Update inference.py

NeoDev · web-flow · commit 20b1a5c45b14 · 2025-02-10T17:47:31.000+07:00
diff --git a/tabs/inference/inference.py b/tabs/inference/inference.py
@@ -1,8 +1,15 @@
-import os, sys, subprocess, logging
+import os
+import sys
+import subprocess
+import logging
 from logging.handlers import RotatingFileHandler
 from contextlib import suppress
 
-import yt_dlp, gradio as gr, librosa, numpy as np, soundfile as sf
+import yt_dlp
+import gradio as gr
+import librosa
+import numpy as np
+import soundfile as sf
 from pydub import AudioSegment
 
 try:
@@ -43,8 +50,7 @@ def setup_logging(level=logging.DEBUG, log_file="adrvc.log"):
     logging.error("scrpt.py not found in %s", current_dir)
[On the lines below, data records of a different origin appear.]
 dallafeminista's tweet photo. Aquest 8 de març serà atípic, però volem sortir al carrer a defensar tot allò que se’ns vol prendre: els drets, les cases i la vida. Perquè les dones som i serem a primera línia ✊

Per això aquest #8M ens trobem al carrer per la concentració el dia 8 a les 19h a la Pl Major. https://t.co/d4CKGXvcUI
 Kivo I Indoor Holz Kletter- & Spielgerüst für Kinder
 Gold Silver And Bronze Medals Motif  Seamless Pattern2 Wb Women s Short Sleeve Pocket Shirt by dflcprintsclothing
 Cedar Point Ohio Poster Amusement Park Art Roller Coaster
     raise FileNotFoundError("scrpt.py not found in current directory.")
 
-
-
+# --- Helper Functions ---
 def load_audio(file_path):
     if file_path and os.path.exists(file_path):
         try:
@@ -54,7 +60,6 @@ def load_audio(file_path):
     logging.warning("Audio file not found or failed to load: %s", file_path)
     return None
 
-
 def get_model_folders():
     """Fetch model file paths and extract their parent folder names."""
     names = [
@@ -73,7 +78,6 @@ def refresh_folders():
     """Refresh folder list."""
     return gr.update(choices=get_model_folders())
 
-# --- Helper Functions ---
 def download_youtube_audio(url, download_dir):
     os.makedirs(download_dir, exist_ok=True)
     ydl_opts = {
@@ -110,7 +114,7 @@ def separator_uvr(input_audio, output_dir):
     if len(sep_files) < 2:
         raise RuntimeError("UVR separation failed (instrumental/vocals).")
     
-    # Resolve file paths (in case the returned paths are not absolute)
+    # Resolve file paths
     file0 = sep_files[0] if os.path.isabs(sep_files[0]) else os.path.join(output_dir, sep_files[0])
     file1 = sep_files[1] if os.path.isabs(sep_files[1]) else os.path.join(output_dir, sep_files[1])
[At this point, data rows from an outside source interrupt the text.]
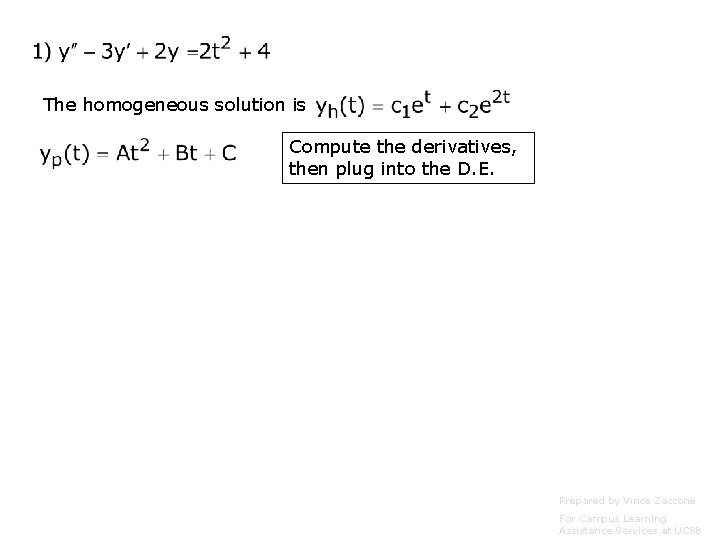 The homogeneous solution is Compute the derivatives, then plug into the D. E. Prepared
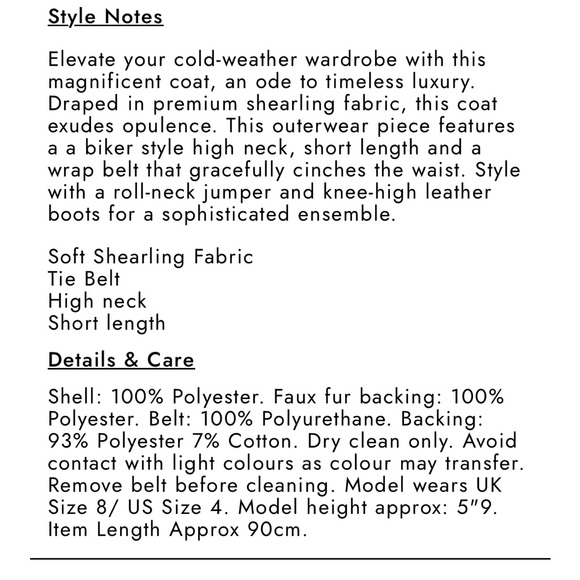 Karen Millen long line shearling coat - Picture 11 of 16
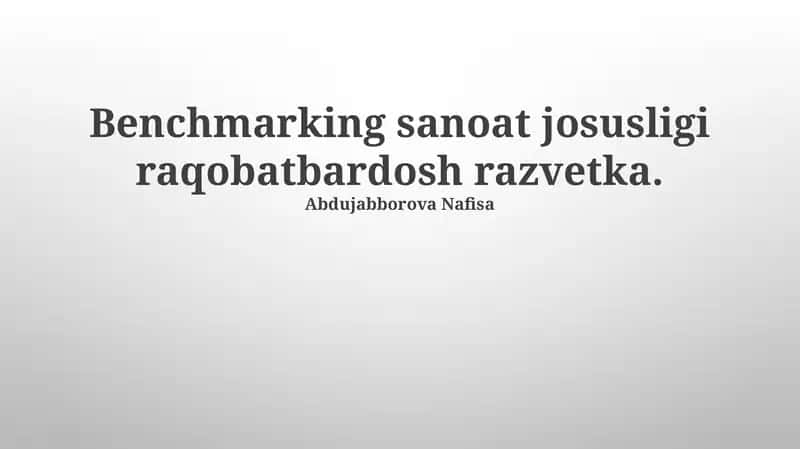 Sanoat josusligi va raqobatbardosh razvedkasi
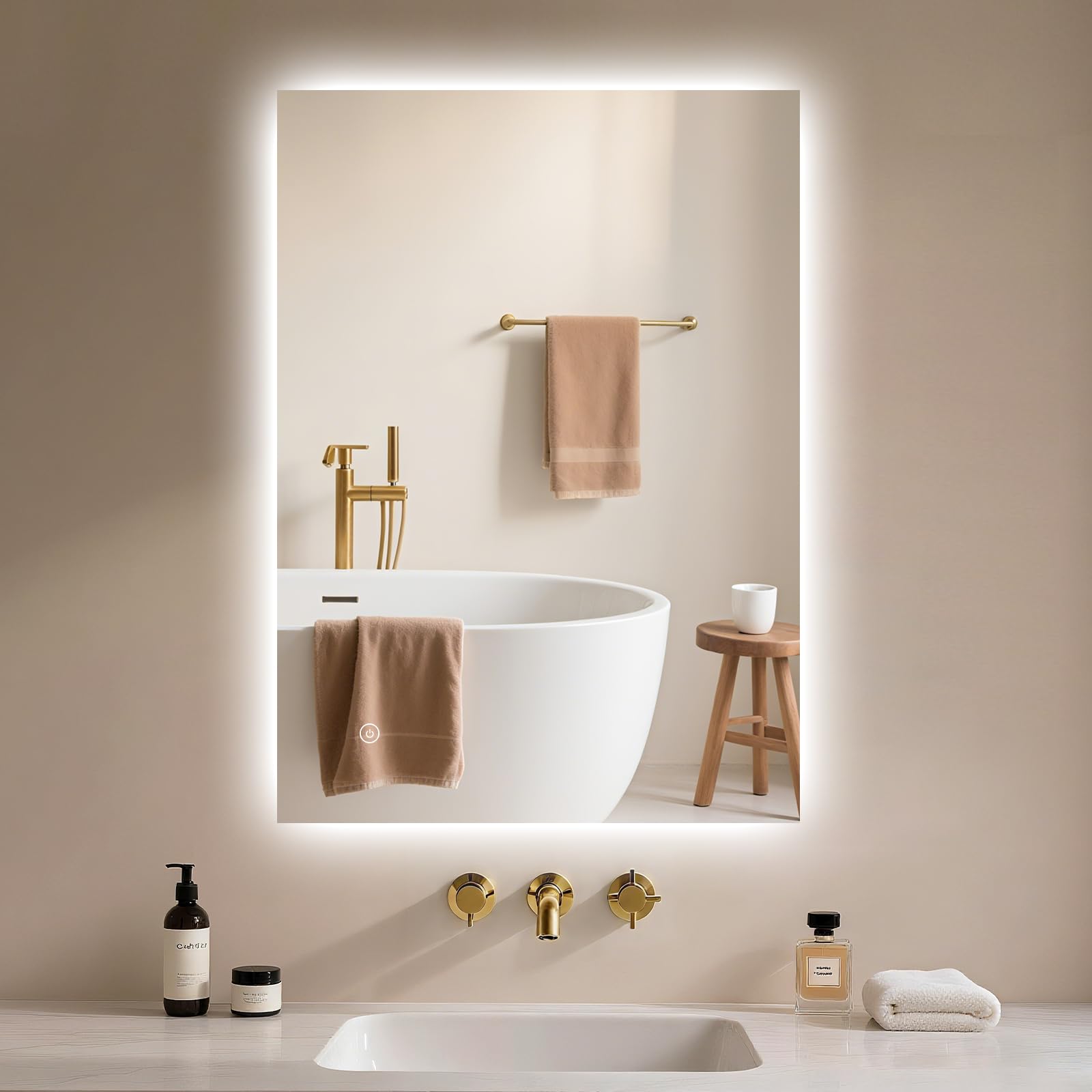 Badspiegel-mit-Beleuchtung 40x60cm - Badezimmerspiegel LED Badezimmer Spiegel mit Beleuchtung, Touch-Schalter, Dimmbar, 3 Lichtfarben, Wandspiegel Led-Spiegel-Bad Horizontal/Vertikal 3 Lichtfarben 40L x 60B cm Angebot bei HelloDeals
     instrumental = os.path.join(output_dir, 'Instrumental.wav')
@@ -136,7 +140,6 @@ def separator_uvr(input_audio, output_dir):
 
     return lead, backing, instrumental
 
-
 def run_rvc(f0_up_key, filter_radius, rms_mix_rate, index_rate, hop_length, protect,
             f0_method, input_path, output_path, pth_file, index_file, split_audio,
             clean_audio, clean_strength, export_format, f0_autotune,
@@ -176,7 +179,6 @@ def run_rvc(f0_up_key, filter_radius, rms_mix_rate, index_rate, hop_length, prot
         logging.error("RVC process failed with error: %s", e.stderr)
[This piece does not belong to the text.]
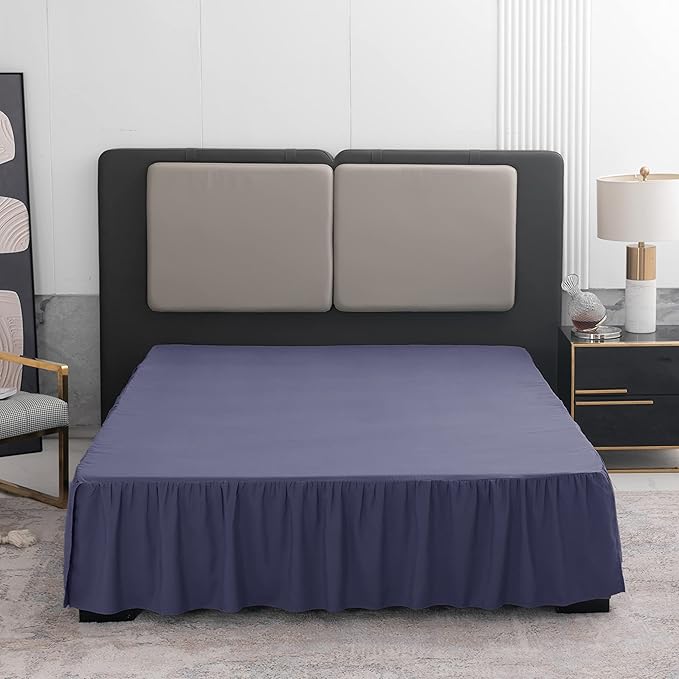 Navy Blue Bed Skirt Queen Size Ruffled Bed Skirt with Split Corners, Queen Bed Skirt 12 Inch Drop, TSUTOMI Queen Size Bed Skirt Navy Blue for Ruffled Bed Skirt with Split Corners, Bed Skirt Queen Size
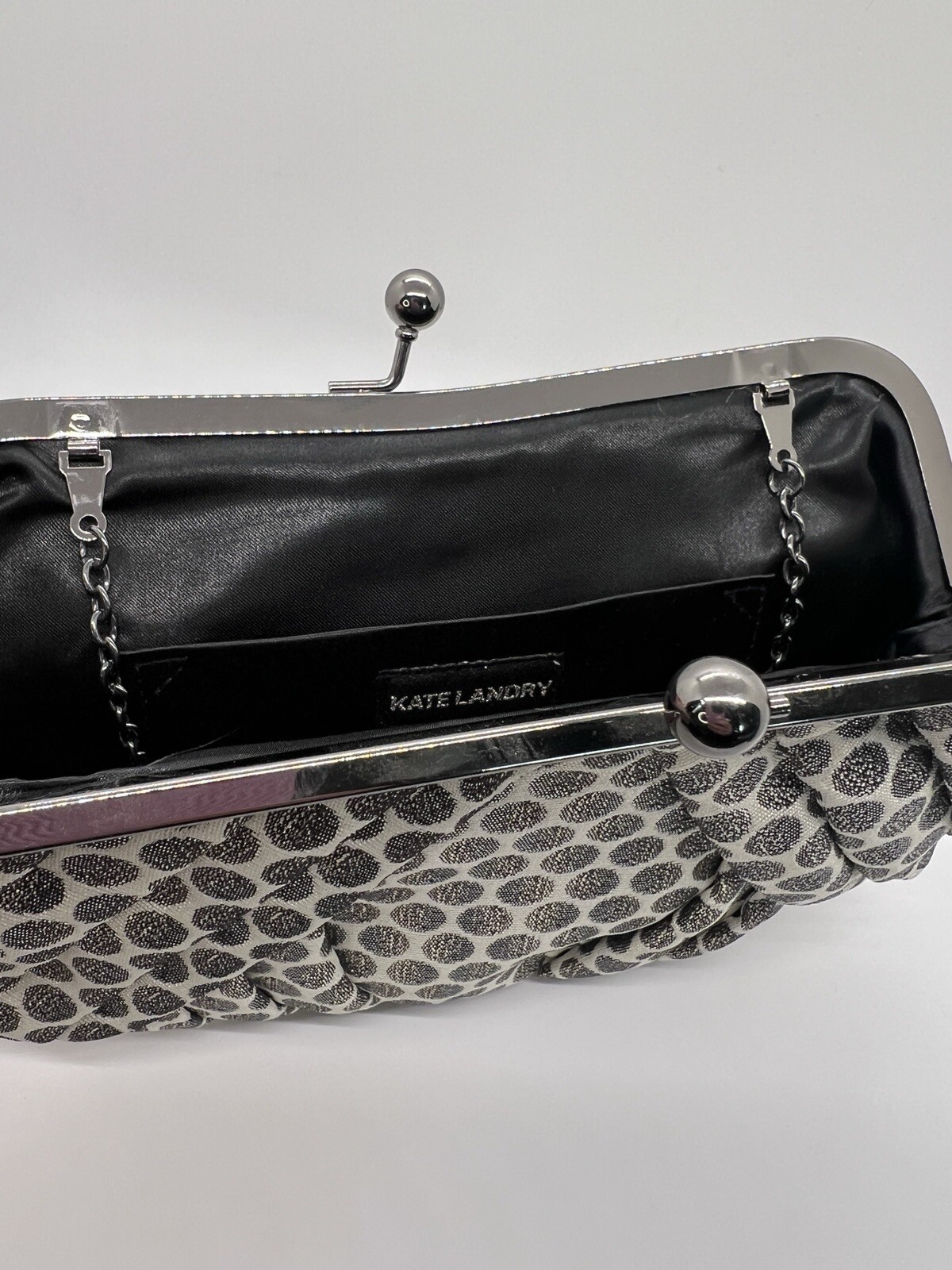 Kate Landry Evening Clutch Silver Metallic Polka Dots Silver Short Chain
         raise RuntimeError("RVC process failed") from e
 
-
 def run_advanced_rvc(model_name, youtube_url, export_format, f0_method, f0_up_key, filter_radius,
                      rms_mix_rate, protect, index_rate, hop_length, clean_strength, split_audio,
                      clean_audio, f0_autotune, backing_vocal_infer, embedder_model, embedder_model_custom):
@@ -244,7 +246,7 @@ def run_advanced_rvc(model_name, youtube_url, export_format, f0_method, f0_up_ke
 
         lead_audio = load_audio(rvc_lead)
         instrumental_audio = load_audio(instrumental)
-        # If RVC was run for backing vocals, use that result; otherwise, use the original backing.
+        # Use the RVC output for backing if available, else the original backing
         backing_audio = load_audio(rvc_backing) if backing_vocal_infer else load_audio(backing)
 
         if not instrumental_audio:
@@ -264,69 +266,93 @@ def run_advanced_rvc(model_name, youtube_url, export_format, f0_method, f0_up_ke
         logging.exception("Error during advanced RVC pipeline: %s", e)
         return f"An error occurred: {e}", None, None, None
 
-
-
 # --- Gradio UI ---
 def inference_tab():
+    # In Gradio 3.49.0 it is recommended to wrap tabs inside a Blocks container and use Tab labels.
     with gr.Tabs():
-        
-        with gr.Row():
-            model_name_input = gr.Dropdown(choices=get_model_folders(), label="Select Model Folder", interactive=True)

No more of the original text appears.